# Spontanteous combustion!



## Guunie (24/7/15)

Good evening all,

It has been a few weeks since I've been able to find time to read or let alone post anything here for my vaping family! Missed you guys tons btw...

So I have a freaky story to tell you,

About 3 weeks back I was heading to work with my mate, now I am very conscious about battery safety and have a separate compartment in my laptop bag that is only for batteries. No metal or liquid close by that may short the battery in anyway.

On this day, I climbed in the car and placed my laptop bag between my legs, closed the door and we moved up to the stop street. As we got there I heard this "Poof" in my bag, excuse the lack of a more descriptive word for the sound, followed by some very dark smoke coming out the front compartment of my laptop bag. Curious, I opened the compartment only to be met by flames...
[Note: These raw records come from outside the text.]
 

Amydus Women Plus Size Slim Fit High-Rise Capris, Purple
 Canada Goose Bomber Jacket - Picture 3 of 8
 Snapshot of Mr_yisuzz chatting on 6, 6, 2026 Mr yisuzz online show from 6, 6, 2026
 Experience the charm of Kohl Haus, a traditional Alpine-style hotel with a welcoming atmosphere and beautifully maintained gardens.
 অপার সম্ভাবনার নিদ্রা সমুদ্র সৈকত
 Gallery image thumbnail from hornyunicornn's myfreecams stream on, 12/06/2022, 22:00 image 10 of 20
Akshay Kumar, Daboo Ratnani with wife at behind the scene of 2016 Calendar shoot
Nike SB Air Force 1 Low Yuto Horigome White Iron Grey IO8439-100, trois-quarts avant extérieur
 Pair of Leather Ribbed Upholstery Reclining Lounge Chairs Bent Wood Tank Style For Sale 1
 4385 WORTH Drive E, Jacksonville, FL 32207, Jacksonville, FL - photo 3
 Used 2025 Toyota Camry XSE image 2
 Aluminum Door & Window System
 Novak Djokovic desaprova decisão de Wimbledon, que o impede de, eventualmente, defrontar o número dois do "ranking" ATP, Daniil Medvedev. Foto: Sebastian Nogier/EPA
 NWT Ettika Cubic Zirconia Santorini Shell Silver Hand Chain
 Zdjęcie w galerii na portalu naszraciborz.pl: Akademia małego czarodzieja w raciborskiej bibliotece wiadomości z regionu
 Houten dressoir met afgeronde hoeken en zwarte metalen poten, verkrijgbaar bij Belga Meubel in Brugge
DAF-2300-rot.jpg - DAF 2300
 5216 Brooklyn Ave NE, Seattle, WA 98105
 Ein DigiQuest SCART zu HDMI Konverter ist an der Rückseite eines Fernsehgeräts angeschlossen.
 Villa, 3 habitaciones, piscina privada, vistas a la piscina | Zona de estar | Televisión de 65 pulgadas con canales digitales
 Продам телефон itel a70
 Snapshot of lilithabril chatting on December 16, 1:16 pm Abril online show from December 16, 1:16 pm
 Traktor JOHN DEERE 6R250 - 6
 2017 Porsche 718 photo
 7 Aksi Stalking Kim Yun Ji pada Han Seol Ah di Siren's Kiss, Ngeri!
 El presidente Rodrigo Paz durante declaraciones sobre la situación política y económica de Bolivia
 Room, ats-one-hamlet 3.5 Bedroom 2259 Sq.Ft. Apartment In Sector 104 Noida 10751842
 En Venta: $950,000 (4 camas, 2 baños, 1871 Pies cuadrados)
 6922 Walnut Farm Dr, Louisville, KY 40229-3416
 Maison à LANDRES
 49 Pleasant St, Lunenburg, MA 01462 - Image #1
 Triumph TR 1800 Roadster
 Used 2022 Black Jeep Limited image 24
I proceeded to open the car door and then flung my laptop bag onto the side of the road, I rushed to open the compartment fully and at this point saw that one of my new Efest 18650 2800mah 35A batteries glowing like the sun!

Behold the source of the flames, i then tipped my bag upside down and profusely shook it until the battery fell out. I then used an already scarred beanie to beat the inside of my bag to beat the last of the burning nylon.

Needless to say I stopped vaping for a while due to only having a mech mod at my current disposal (Girlfriend is using the Hana) 

The scary truth behind this story is that there was no possible way that the battery could have shorted in my bag. It sat next to my night stand the previous night, not in the charger, i count my luck stars it didn't decide to do this while I was sleeping or in my mech while vaping...

Here are the 2 pictures I managed to take. One of the battery and the other of my laptop bag.

Anyways...I'm at a point now where I am not sure which vw mod to get, so open to any suggestions from the vapefamily!


----------



## zadiac (24/7/15)

Wow! That is intense......and worrying

Reactions: Agree 1


----------



## DoubleD (24/7/15)

Third time I read something like this regarding the new Efest 2800mah batteries. Needless to say, I'm not amped to buy some anytime soon anymore.

Reactions: Agree 1


----------



## DarkSide (24/7/15)

@Guunie Glad you are okay mate, as you said, could have been worse, damn, and I was looking at purchasing two of these purple batteries, will stick to my green ones until we know what is causing this.


----------



## BumbleBee (24/7/15)

Holy crap! Jeez @Guunie that must have been one heck of an experience! 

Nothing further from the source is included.